The Bachelor Party

THE BACHELOR PARTY as a thing guys do for/to each other, dates as far back as 5th-century BC Sparta. Time evolved numerous versions in many cultures. Today’s bacchanal bound menboys can be forgiven (once damages are tallied) for assuming the practice owes anthropological links to 2009’s The Hangover or Bachelor Party (no ‘The’), the 1984 goofoff that helped boost 27-year-old Tom Hanks to stardom. Yet some among us are sufficiently aged  to recall the stunning 1957 drama that spun around a night out where romping leads to revelation. Paddy Chayefsky’s teleplay had first been done on the small screen three years earlier, directed by Delbert Mann. In between Mann had steered Chayefsky’s Marty to great success. Reunited, they scored another dramatic knockout with this intimate look at forced bonhomie covering aching loneliness, beautifully acted by a faultless ensemble cast.

You just wait until you’ve been married eleven years.”

Five bored bookkeepers liven up the humdrum with a bender on the town. Helping ‘Arnold’ (Philip Abbott) celebrate his groom-to-hubby rite of passage are ‘Charlie’ (Don Murray), ‘Eddie’ (Jack Warden), ‘Walter’ (E.G. Marshall) and ‘Ken’ (Larry Blyden). Arnold’s haplessly naive, Eddie’s a tireless player, Walter’s health is an issue, Ken acts as a voice of reason. Overburdened by work, school and impending fatherhood Charlie is tempted to stray with ‘The Existentialist’ (Carolyn Jones) an alluring but exasperating beatnik while at home his wife ‘Helen’ (Patricia Smith) commiserates with ‘Julie’ (Nancy Marchand), her marriage-jaded sister-in-law.

KEN: “Go home, Charlie. I can see you’re gonna get fried tonight, you’re gonna end up picking up some tramp, and you’re gonna feel like two-bits in the morning.”   CHARLIE:  “That’d be a profit.

In the lead in his second film role, Murray’s quite good as the stress-compressed Charlie, much more likable (and better directed) than he was in Bus Stop. Warden’s blithe carouser Eddie and Marshall’s wildly unleashed sad sack Walter are pitch-perfect and it’s a treat to see the personable, multi-talented, ill-fated Blyden in his first feature film: he only did three. Abbott, in his debut, is first-rate, allowed much greater latitude than his subsequent yeoman work, mostly on TV, best known for nine ‘safe’ seasons on The F.B.I. This first feature was his finest hour. Marquand (feature debut) and Smith had both done theater and TV work: they’re fine in the less-showy roles. The walk-away winner in the group was Jones, 26, whose brief scenes as the sexy, self-obsessed neurotic were so vivid and arresting that she copped the film’s sole Oscar nomination, Supporting Actress, and boosted her career into deserved limelight. *

THE EXISTENTIALIST: “Just say you love me.”   CHARLIE: “What?”  THE EXISTENTIALIST: “Just say you love me. You don’t have to mean it.”

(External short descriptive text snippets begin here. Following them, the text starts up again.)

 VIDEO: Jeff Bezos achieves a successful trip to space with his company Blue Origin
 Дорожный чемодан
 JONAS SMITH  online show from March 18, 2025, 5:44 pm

Done for $960,000, grossing $4,300,000, placing 55th in ’57 where its penetrating 92 minutes dovetailed with a slate of superior dramas parsing levels of stress on tap in New York City: 12 Angry Men, A Face The Crowd, A Hatful Of Rain, The Garment Jungle, Edge Of The City and Sweet Smell Of Success. Excellently photographed by Joseph La Shelle, the superlative interplay could have served as inspiration for pictures like DinerIt was one of one of the first American movies to show a married couple in the same bed (!–how’d all those Boomers get here? by stork?): there’s even a sequence where the fellows watch (as opposed to enjoy) a stag film. This matter-of-fact candor really must have stunned the uptight types of the late Ike Age.

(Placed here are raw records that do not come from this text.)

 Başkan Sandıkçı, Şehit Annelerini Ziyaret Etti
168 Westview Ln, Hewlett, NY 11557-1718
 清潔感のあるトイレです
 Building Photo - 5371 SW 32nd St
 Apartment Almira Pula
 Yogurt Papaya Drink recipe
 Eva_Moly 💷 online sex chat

* Delbert was the Mann: Marty, The Bachelor Party, Separate Tables, Middle Of The Night, The Dark At The Top Of The Stairs, That Touch Of Mink, Dear Heart

Patricia Smith, 26, had done TV and theater, but after a one-two launch in 1957 with this and the high-profile The Spirit Of St. Louis a big screen career faded. In 1969’s Paint Your Wagon she was uncredited as a dance hall girl.